Après ce premier pavé intense de plus de neuf minutes, Wind Chimes marquera une petite pause acoustique qu'il faudra apprécier car il n'y en aura plus jusqu'à la fin, No For an Answer en dévoilera davantage sur les évolutions qu'a traversées le groupe en deux ans, ce morceau est complètement saccadé, constamment en rupture, mais malgré son caractère bondissant et sa structure non-conventionnel, Genevieve parvient à trouver un certain sens de la fluidité et un certain fil conducteur, stylistiquement, ce morceau est assez particulier, on se rapproche volontiers d'un Imperial Triumphant qui aurait partouzé avec Ephel Duath pour tous les passages Prog/Atmo, ces tentatives de chant clair lointain, décharné, qui se mêlent aux hurlements pour un build-up cacophonique et cataclysmique avec un morceau qui s’emballe et qui débouche sur un final de folie, cette référence à Ephel Duath (celui de Painter's Palette principalement) sera davantage mise en avant sur William Blake, long titre-fleuve de onze minute où Genevieve aura tout le temps de développer une très large plage atmosphérique un peu orienté vers le Jazz/Prog, et comme le groupe est toujours aussi peu conventionnel, il plongera directement dans le noise punitif et oppressant sur la fin du morceau.
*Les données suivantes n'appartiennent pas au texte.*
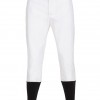 All Weather White PC Race Breeches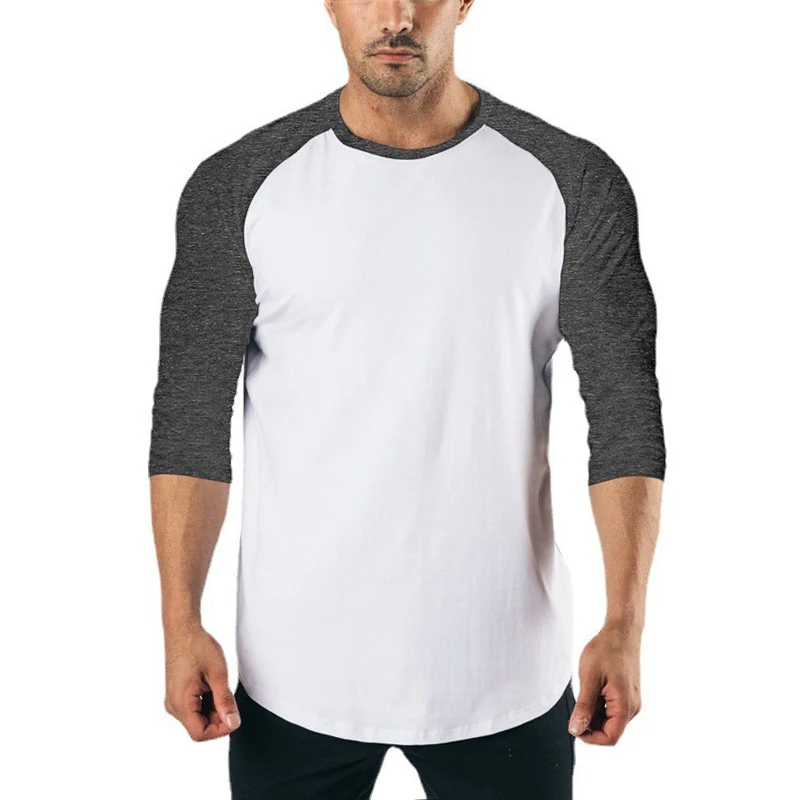 Simples fitness três quartos m - Muscle Tee Workout avaliação e preço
Regressionism est un album qui joue sur les contrastes entre tous les genres et les textures que Genevieve parvient à mêler avec un certain brio, ce qu'il ne faisait pas sur l'album précédent d'ailleurs, qui se contentait d'être violemment erratique et bruitiste, Regressionism va beaucoup plus loin, en opposant une certaine clarté d'un prog agonisant et une fureur ténébreuse ultra violente, créant un ensemble claustrophobique, maladif et malsain, cet album est un redoutable assaut sensoriel, unique en son genre, même si bien sûr Genevieve se montre toujours aussi hostile et sauvage, avec de nombreux partis-pris sonores qui en rebuteront plus d'un, il n'empêche que le groupe a fait un pas de géant et que Regressionism est l'un des meilleurs album de l'année, abrasif, brutal, fascinant, et sans aucun compromis.